I would point out, though, that the disadvantages listed against Secrets as a Service need not apply to Hashicorp's Vault:
1) Single point of failure: Vault Enterprise offers high availability solutions that should be able to mitigate much of this (at a cost, of course).
2) Codebase must be changed: Vault (and Consul) really shine here: Consul Template -- and Envconsul -- can be used to seamlessly integrate legacy code with Vault.
3) System-level access must be protected carefully: Well, this is always true, but Vault gives you more options than many others here as well: based on risk assessments, you can choose to limit the secrets you issue, particularly when you're talking about system-level access. You can have very short TTLs, one-time-use wrappers that limit the exposure of said secrets, etc.
(I don't mean to sound like a shill, BTW. It's just that these points easily jumped to mind, having just certified as a Vault Associate. YMMV. :-) )

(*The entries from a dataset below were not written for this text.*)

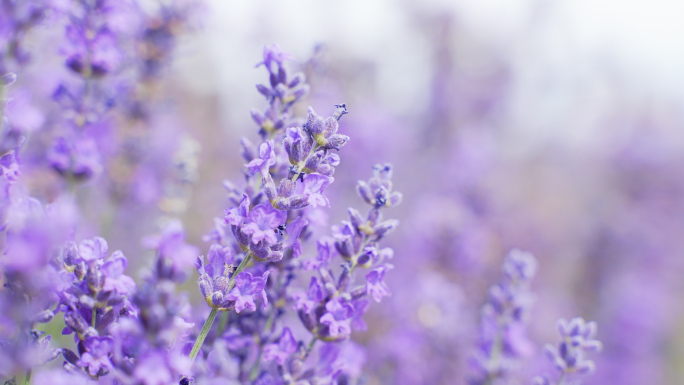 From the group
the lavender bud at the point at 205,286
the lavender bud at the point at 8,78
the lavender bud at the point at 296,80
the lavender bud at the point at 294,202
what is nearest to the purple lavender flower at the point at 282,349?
the lavender bud at the point at 205,286

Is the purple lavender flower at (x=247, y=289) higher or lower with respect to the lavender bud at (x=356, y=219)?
lower

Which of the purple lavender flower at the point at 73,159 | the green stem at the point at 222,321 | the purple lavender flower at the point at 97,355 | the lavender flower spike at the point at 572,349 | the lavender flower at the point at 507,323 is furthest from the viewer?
the lavender flower at the point at 507,323

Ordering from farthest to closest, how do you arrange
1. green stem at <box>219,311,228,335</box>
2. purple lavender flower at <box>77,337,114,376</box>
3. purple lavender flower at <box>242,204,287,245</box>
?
green stem at <box>219,311,228,335</box> → purple lavender flower at <box>242,204,287,245</box> → purple lavender flower at <box>77,337,114,376</box>

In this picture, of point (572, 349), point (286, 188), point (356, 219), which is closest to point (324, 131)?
point (286, 188)

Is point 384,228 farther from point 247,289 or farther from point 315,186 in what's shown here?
point 247,289

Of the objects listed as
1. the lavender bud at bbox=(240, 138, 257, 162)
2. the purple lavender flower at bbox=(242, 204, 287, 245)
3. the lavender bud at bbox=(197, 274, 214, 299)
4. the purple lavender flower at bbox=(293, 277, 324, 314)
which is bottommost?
the lavender bud at bbox=(197, 274, 214, 299)

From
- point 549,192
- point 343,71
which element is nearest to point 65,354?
point 343,71

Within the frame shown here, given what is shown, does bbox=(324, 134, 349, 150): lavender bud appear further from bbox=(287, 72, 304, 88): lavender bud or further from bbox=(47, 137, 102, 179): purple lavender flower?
bbox=(47, 137, 102, 179): purple lavender flower

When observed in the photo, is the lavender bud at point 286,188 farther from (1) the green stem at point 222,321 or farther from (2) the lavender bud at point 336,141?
(1) the green stem at point 222,321

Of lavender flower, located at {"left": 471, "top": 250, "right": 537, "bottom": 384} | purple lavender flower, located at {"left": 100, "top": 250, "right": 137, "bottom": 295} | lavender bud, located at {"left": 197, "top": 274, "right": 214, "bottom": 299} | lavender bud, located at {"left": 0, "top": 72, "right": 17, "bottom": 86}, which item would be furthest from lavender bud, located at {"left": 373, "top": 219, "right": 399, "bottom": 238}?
lavender bud, located at {"left": 0, "top": 72, "right": 17, "bottom": 86}
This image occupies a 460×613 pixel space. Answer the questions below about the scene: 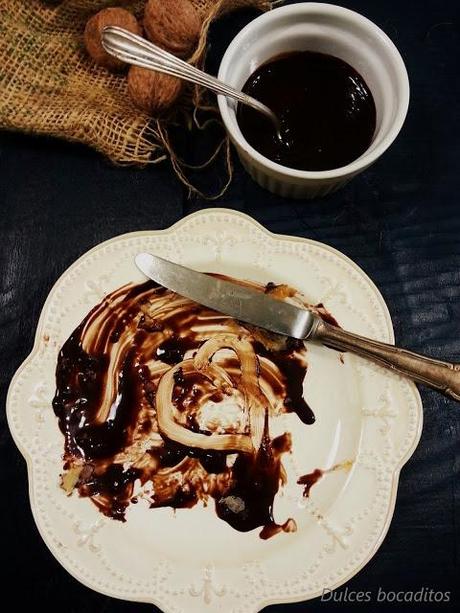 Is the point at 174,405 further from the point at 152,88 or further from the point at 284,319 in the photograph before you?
the point at 152,88

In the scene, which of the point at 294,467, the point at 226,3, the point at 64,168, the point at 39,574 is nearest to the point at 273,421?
the point at 294,467

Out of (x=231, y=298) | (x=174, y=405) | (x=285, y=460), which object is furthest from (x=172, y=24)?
(x=285, y=460)

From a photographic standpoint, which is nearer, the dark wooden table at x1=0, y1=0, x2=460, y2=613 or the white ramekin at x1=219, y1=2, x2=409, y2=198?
the white ramekin at x1=219, y1=2, x2=409, y2=198

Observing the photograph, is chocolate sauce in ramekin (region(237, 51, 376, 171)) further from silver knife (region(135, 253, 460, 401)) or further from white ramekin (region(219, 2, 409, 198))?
silver knife (region(135, 253, 460, 401))

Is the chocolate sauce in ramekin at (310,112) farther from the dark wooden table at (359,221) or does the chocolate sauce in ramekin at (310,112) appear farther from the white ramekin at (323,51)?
the dark wooden table at (359,221)

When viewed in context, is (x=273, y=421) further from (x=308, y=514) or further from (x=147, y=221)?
(x=147, y=221)

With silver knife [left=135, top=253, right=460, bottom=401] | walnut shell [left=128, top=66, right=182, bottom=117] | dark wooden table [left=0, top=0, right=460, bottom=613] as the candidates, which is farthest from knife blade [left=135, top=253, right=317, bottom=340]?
walnut shell [left=128, top=66, right=182, bottom=117] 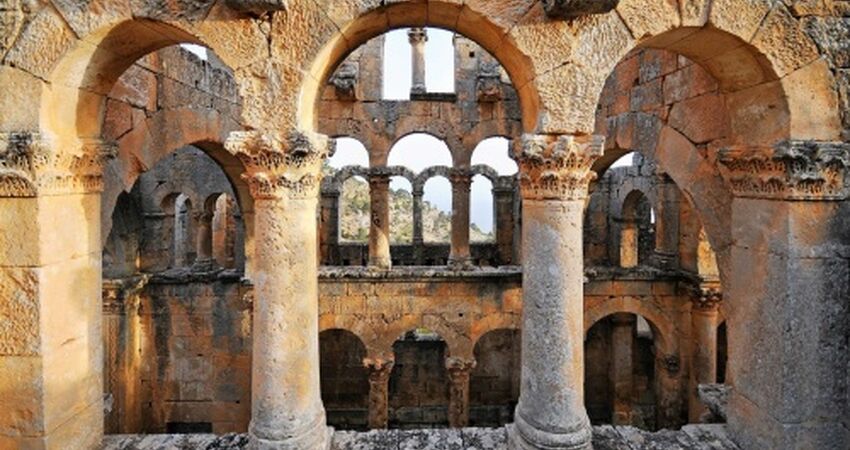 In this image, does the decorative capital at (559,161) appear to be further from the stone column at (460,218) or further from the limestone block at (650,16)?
the stone column at (460,218)

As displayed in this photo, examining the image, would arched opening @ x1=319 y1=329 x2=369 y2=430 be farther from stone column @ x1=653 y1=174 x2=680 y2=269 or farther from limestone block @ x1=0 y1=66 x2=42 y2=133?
limestone block @ x1=0 y1=66 x2=42 y2=133

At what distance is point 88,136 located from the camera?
5.03 meters

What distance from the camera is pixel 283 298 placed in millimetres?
4496

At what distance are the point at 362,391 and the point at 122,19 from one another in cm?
1223

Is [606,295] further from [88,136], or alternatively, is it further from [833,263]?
[88,136]

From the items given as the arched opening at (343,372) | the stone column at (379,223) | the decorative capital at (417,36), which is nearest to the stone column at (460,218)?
the stone column at (379,223)

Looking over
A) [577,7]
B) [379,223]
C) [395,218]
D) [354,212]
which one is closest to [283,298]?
[577,7]

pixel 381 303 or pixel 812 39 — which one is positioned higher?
pixel 812 39

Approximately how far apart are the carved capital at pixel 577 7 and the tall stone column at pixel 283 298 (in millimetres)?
2048

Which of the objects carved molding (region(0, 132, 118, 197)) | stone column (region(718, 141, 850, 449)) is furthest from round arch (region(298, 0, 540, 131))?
stone column (region(718, 141, 850, 449))

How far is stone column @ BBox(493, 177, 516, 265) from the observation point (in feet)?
50.7

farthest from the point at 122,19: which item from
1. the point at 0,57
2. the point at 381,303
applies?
the point at 381,303

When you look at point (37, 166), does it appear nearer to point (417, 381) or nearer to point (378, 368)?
point (378, 368)

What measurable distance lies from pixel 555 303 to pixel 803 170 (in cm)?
225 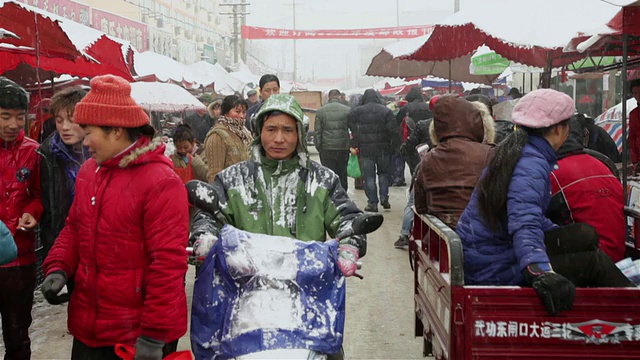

For example you can use sops (https://github.com/mozilla/sops) to store encrypted secrets in Git, using AWS/GCP KMS to encrypt/decrypt them (or encrypt/decrypt the encryption key), and have infrastructure automation that gets the secrets from sops and exposes them to applications as environment variables.
It uses gnome-keyring (linux) or keychain (mac).
Unfortunately you need to install it from source as it's not popular, or known at all, but how about we give it some love and push to include it in package repositories (debian, arch, etc)?
It's cloud-hosted, but uses client-side end-to-end encryption to avoid trusting our servers (all clients are open source). The focus is on seamless integration (generally ~1 minute for a new project), intuitive ux, and platform-agnosticism.
We're also close to launching a v2 that can run on your own infrastructure with HA and offers a lot more power and flexibility--version control, audit logs, a CLI for automation, 'config blocks' that can be re-used across apps and services, managing local environments, SSO, teams, and event hooks are some of the highlights.
Also, we're hiring (remote in the USA). Our stack is TypeScript/Go/Polyglot. Please get in touch if you're interested in this stuff! dane@envkey.com
KMS isn't a secrets management system. It's for managing encryption keys, though it can be used in tandem with AWS's Parameter Store, which can be used as a secret management system. As a matter of fact, Task Definitions in ECS can pull those secrets out as environment variables in your containers, which IMO is pretty elegant.
Shamless ad: If you guys are looking for a free and easy to use secrets manager with powerful features that work on every stack, I would recommend Doppler (YC W19). For transparency, I am the CEO.
Doppler is a cloud-hosted secrets manager designed to win the heart of the developer while meeting all the requirements of your security team. It works great in local development and production, can be nearly 100% automated, and has built-in versioning, reusable configs, audit logs, SSO, granular access controls, can automatically sync with your infra provider's secrets store (ex: Heroku Config Vars). It also has high availability features built into every part of our stack (from our open-source CLI creating encrypting fallback files to our servers running on multiple infrastructures).
Feel free to create a free account (no cc required) at https://doppler.com
I suppose once your core infrastructure is up you just generate random passwords and store them in k8s for access when bringing up your infrastructure.
Secrets that are needed in server or development contexts are a lot trickier. There's a fundamental tension between making them widely and easily available (which makes development and ops easier), and restricting access (which is necessary for security). You'll also probably have multiple versions of the same secrets in different environments, have teams of developers that all need to stay in sync, etc. etc. Password management, as important as it is, has fewer moving pieces.
You should also require MFA to use your admin credentials either programmatically or on the web.
With AWS, you can even use an IAM role to connect to Mysql and Postgres so you don’t need to store a password for database access. You can use the SDK to generate a temporary password to the database.
No they cant, because of .gitignore
It is a defense in depth. Ideally first layer protects you, but this way you have another strong layer.
rule #2: its not only secrets management, the whole stack should go through security hardening and regular security review.
definitely not passing secrets in ENV (cause any process can access ENV and exfiltrate) or as command line argument (cause they will be logged as all tty commands are)
Hmm no, environments vars are very convenient but leak like crazy easily.
No situation readily come to mind where an attacker could gain access to env vars but would not also have access to any other means of persistence.